TASK → Output exactly, and only, the lines below from the one with "Hundreds of Apple" down to the one with "Mərdəkan, Teymur Quliyev". Include both end lines and no pictures.

RECORDS PROVIDED →
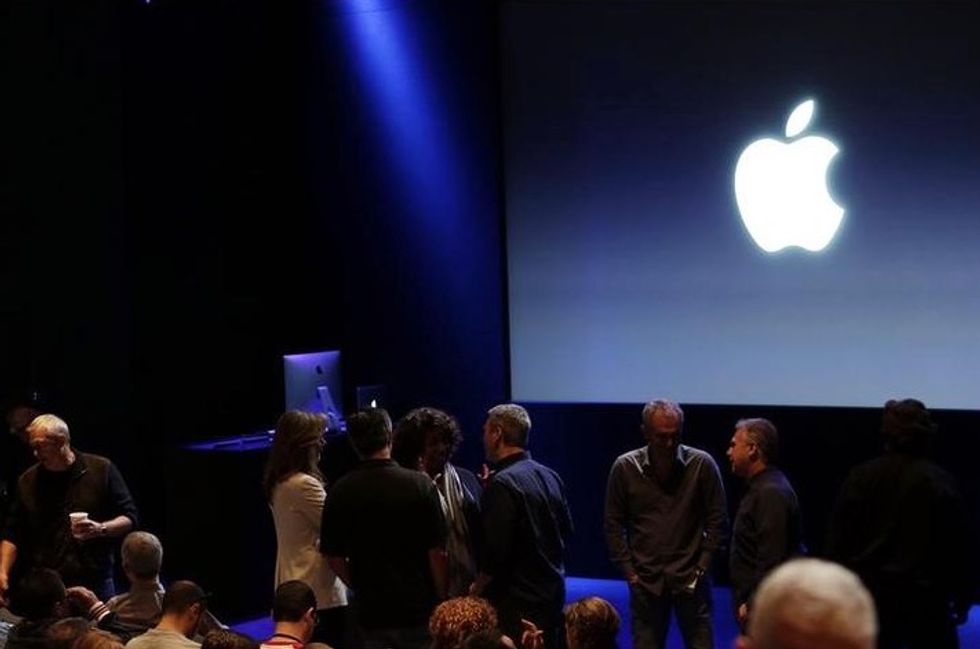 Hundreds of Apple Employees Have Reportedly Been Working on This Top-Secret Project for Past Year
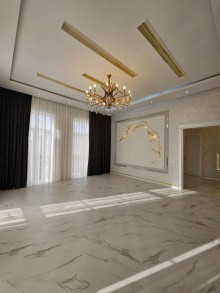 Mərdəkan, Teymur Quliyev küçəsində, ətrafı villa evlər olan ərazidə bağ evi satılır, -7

* * *

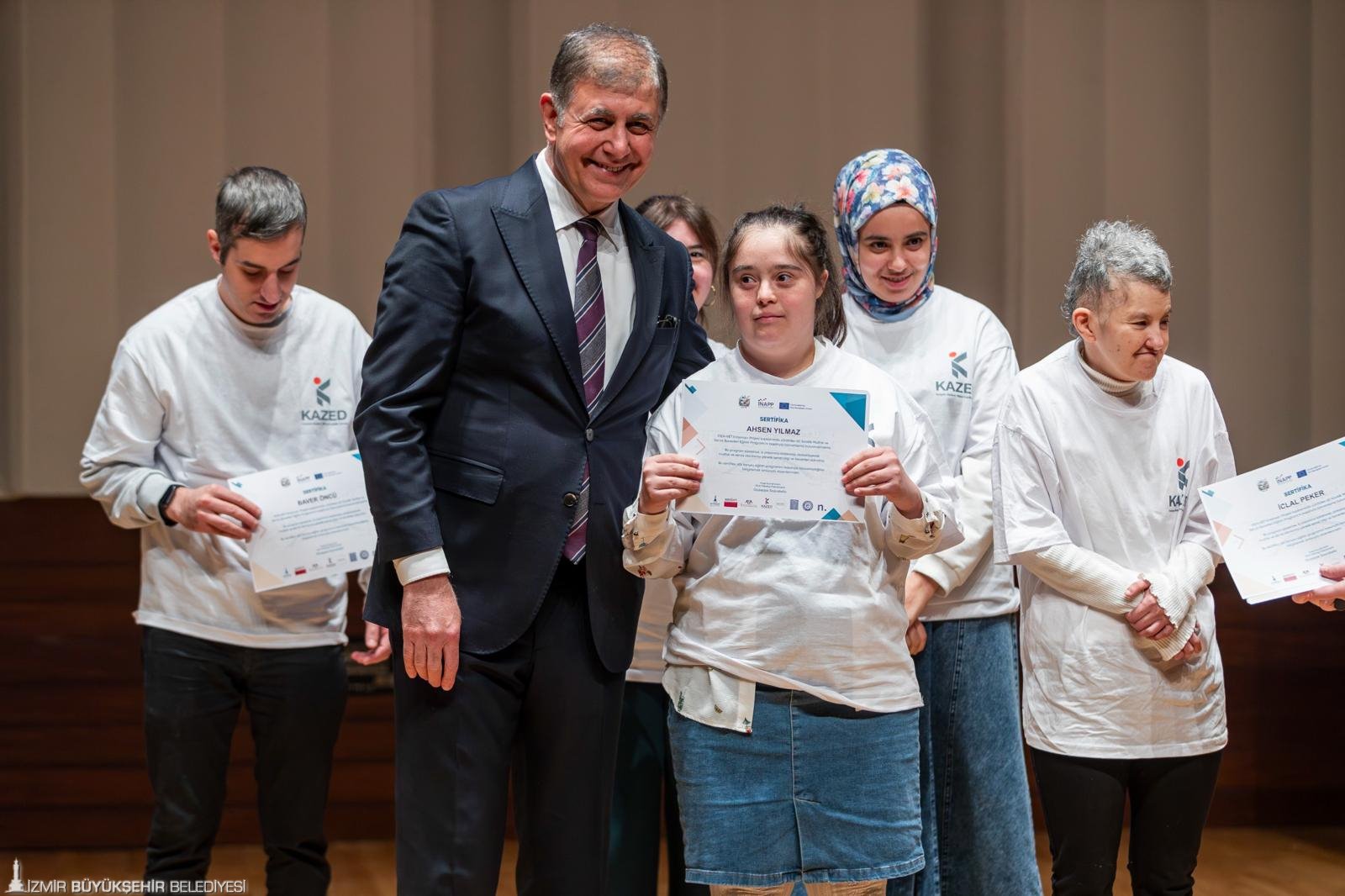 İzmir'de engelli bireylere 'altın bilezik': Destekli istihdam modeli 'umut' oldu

---

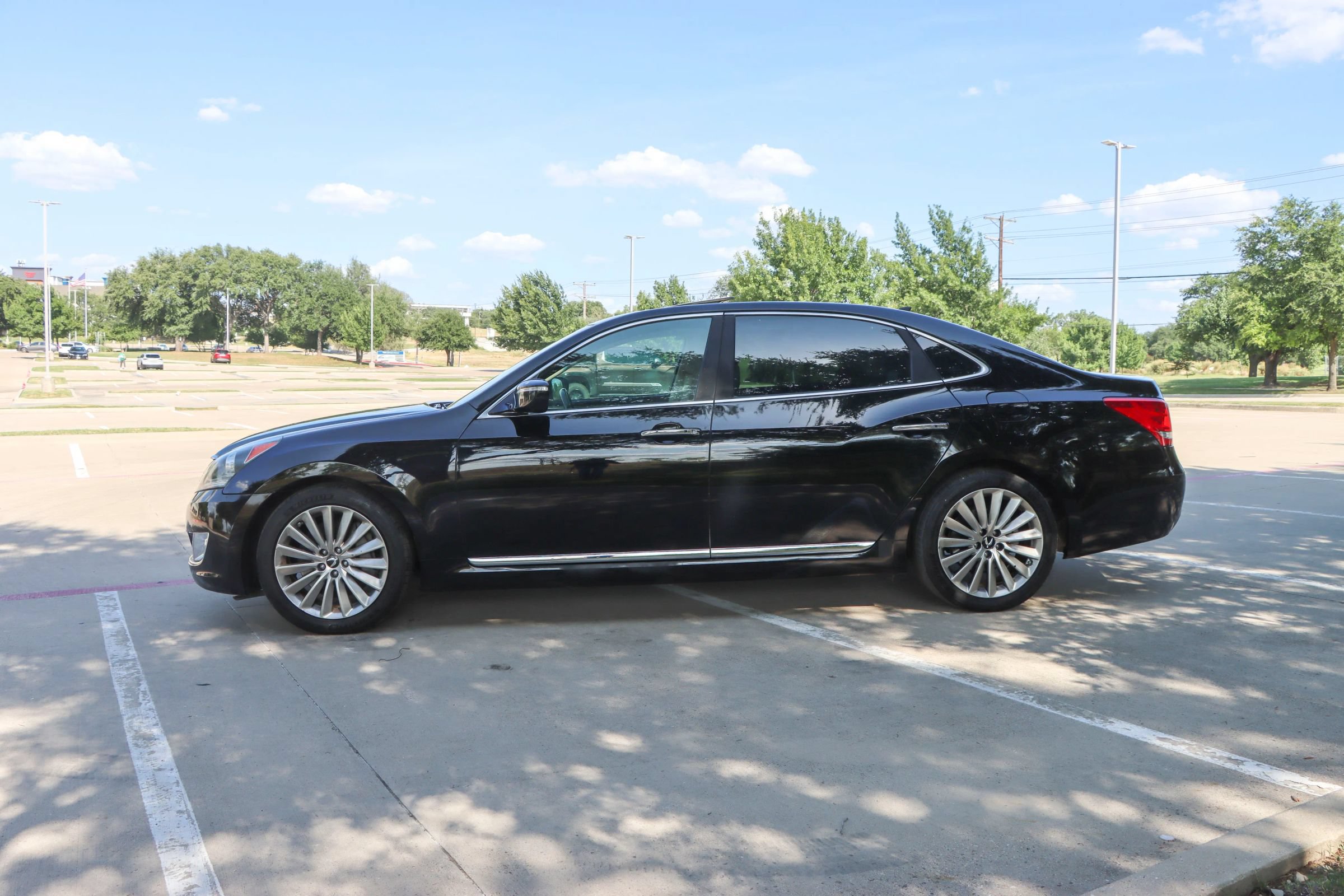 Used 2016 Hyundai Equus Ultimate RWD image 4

SOLVED PROBLEM →
 Hundreds of Apple Employees Have Reportedly Been Working on This Top-Secret Project for Past Year
 Mərdəkan, Teymur Quliyev küçəsində, ətrafı villa evlər olan ərazidə bağ evi satılır, -7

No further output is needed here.